Jerry Carter has walked a path paved in newspaper ink.
In August 2019, the Islands’ Sounder struck gold when it hired Carter, a lifelong newspaper delivery person, as its circulation driver.
At 14 years old, when Carter began operating a bicycle route in Tidewater, Virginia, he did not know it would be the beginning of six decades in the newspaper industry.
“Before I turned 15 I had six separate routes in my name and had put all of my friends to work in the operation,” Carter said. “I fell in love with the business as a 14-year-old and have the same affection for it at 57.”
In his early 20s, Carter became division manager for the Greensboro News and Record, where he was responsible for the circulation in four counties in North Carolina.
Carter spent a decade working for the Publishers Circulation Fulfillment, Inc. in their efforts for the New York Times in the Pacific Northwest including Seattle, Everett, Bellevue and Portland.
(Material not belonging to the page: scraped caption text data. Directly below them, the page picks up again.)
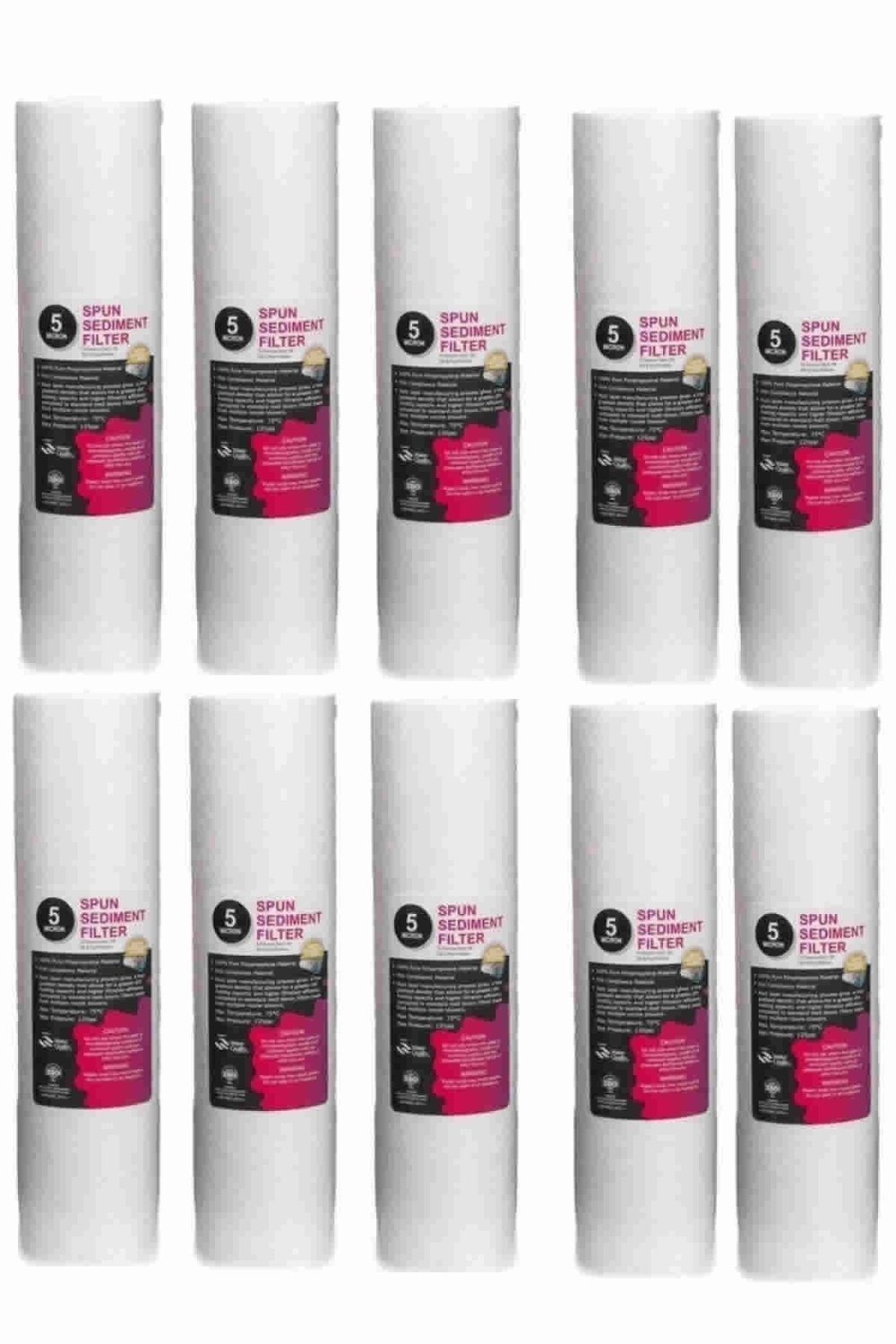 Su Arıtma Cihazı 5 Mikron Sediment Spun Filtre (10 Adet)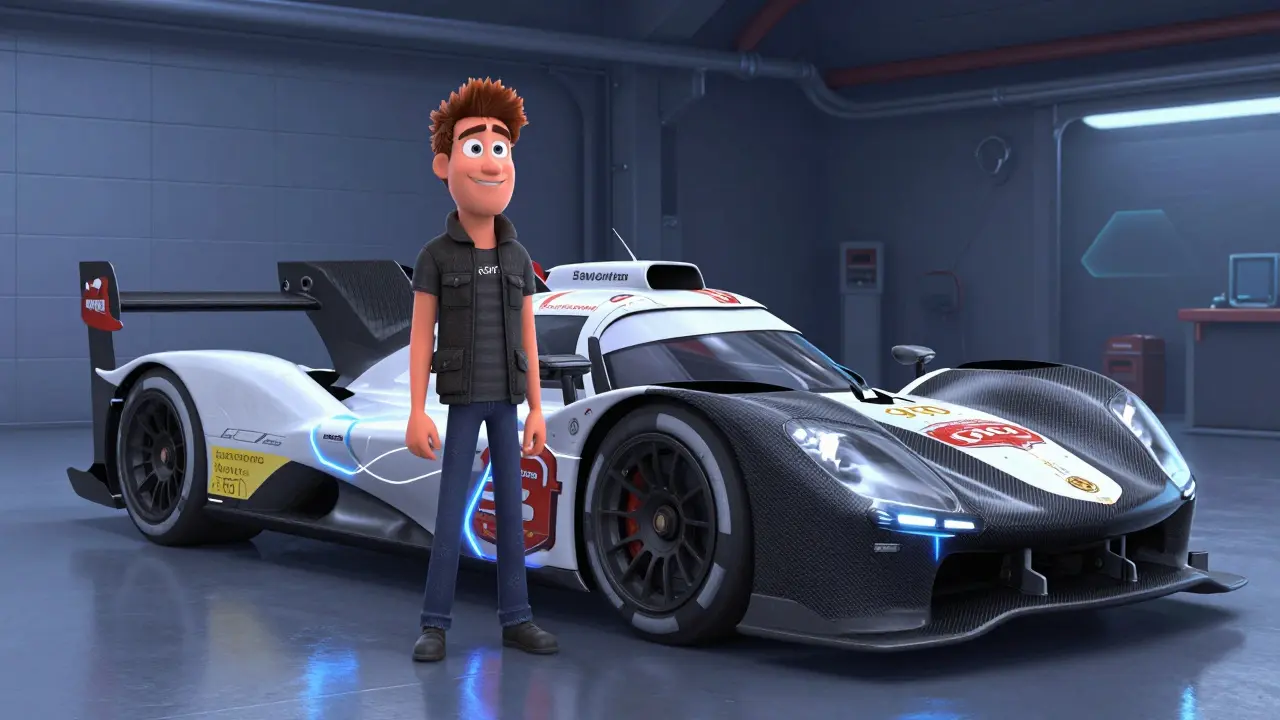 Jackson Storm junto al Porsche 919 Hybrid real en un garaje tecnológico, con líneas de energía conectándolos.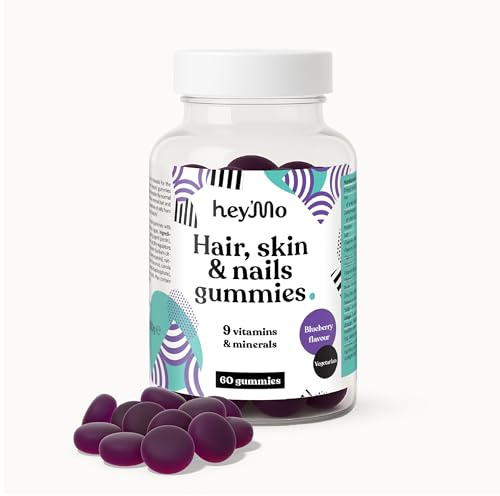 Hey'Mo Haarvitamine Gummies mit Biotin für Haare, Zink und Selen, Blaubeere | Hair Skin Nails Gummibärchen für Erwachsene mit Biotin, Zink, Selen sowie Vitamin C, A, D, E, B6 & B12 mit Blaubeergeschmack.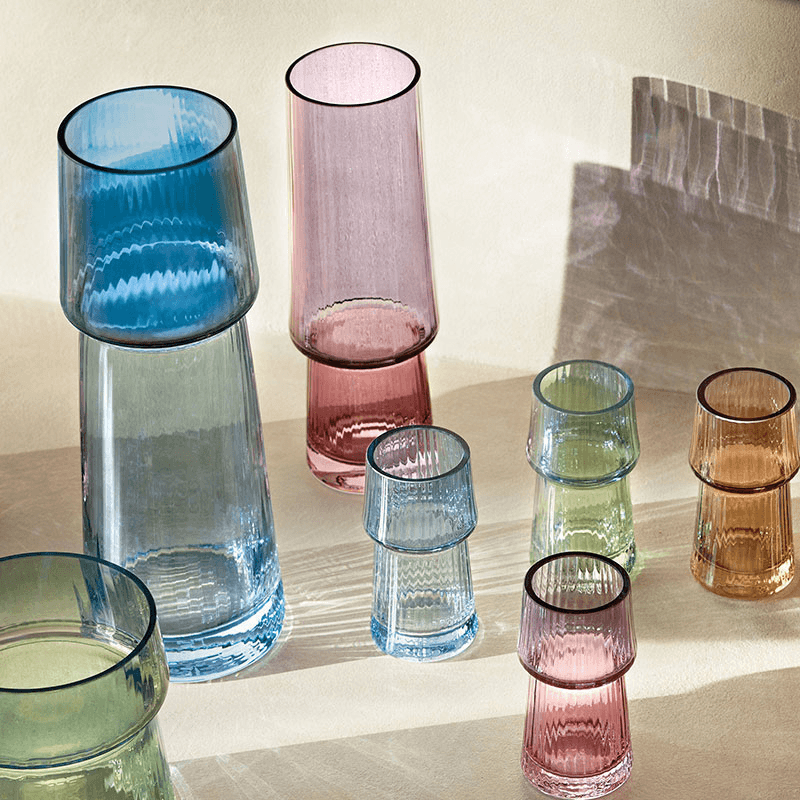 Gems Vase, H32cm, Sapphire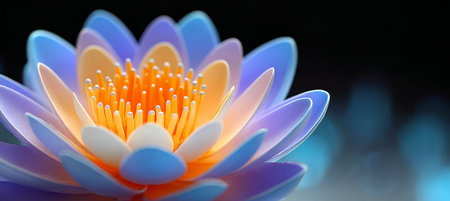 Elegant and Dreamy Close-Up of a Water Lily Blossom with Striking Pastel Hues and Colorsの素材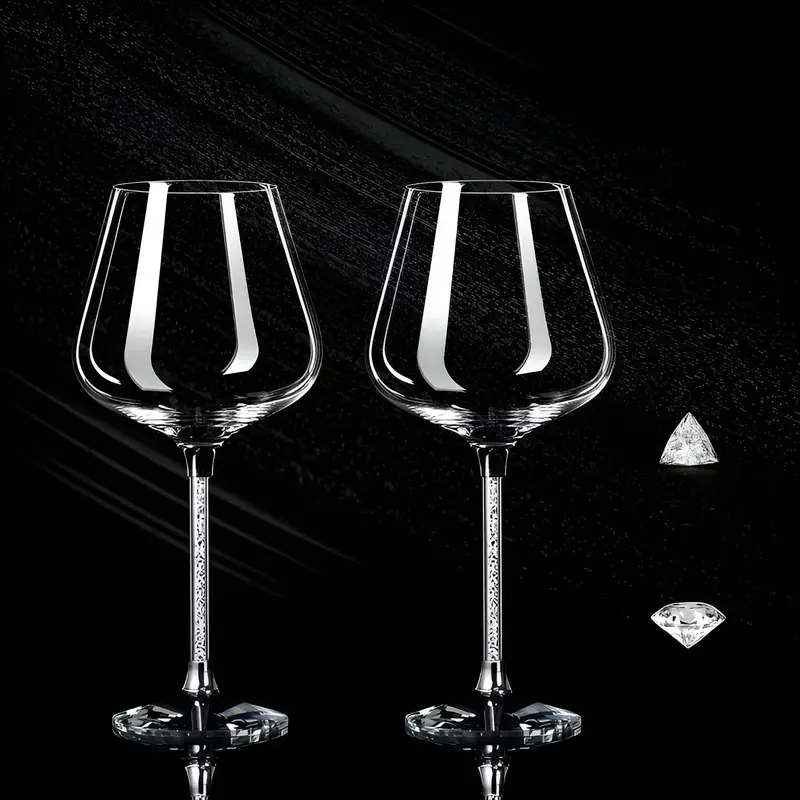 Kristallen Wijnglazen Set – 2 Stuks met Lange Steel & 520 ml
Twice he received the President’s Award. Carter later launched his own company, Crystal Clear Delivery, serving the greater Seattle area. He and his family fell in love with Orcas after a visit to the San Juans.
“At the time, I could barely afford ferry boat fees and was losing the battle with my health, particularly weight,” Carter remembers. “I coined the phrase ‘Orcas 199’ as my dream for my life. There were two parts to it: accomplish enough to become a property owner on Orcas and the see the scales dip below 200 pounds again.”
Carter and his wife Linda then returned to the East Coast, where he led the Washington Post in its effort to downsize its operations in the Shenandoah Valley.
“There were 17 distributors when I started but just one when I completed my work. It was the best 10 years of my life, as it led me to Orcas at the end of my stay there. Jeff Bezos purchased the Post near the end of my run,” he said. “The 3-D feel to the business at the level I operated at with my time with the New York Times in Seattle and Portland was unbelievable, but my decade with the Washington Post took my life to a place where I truly lived my dream.”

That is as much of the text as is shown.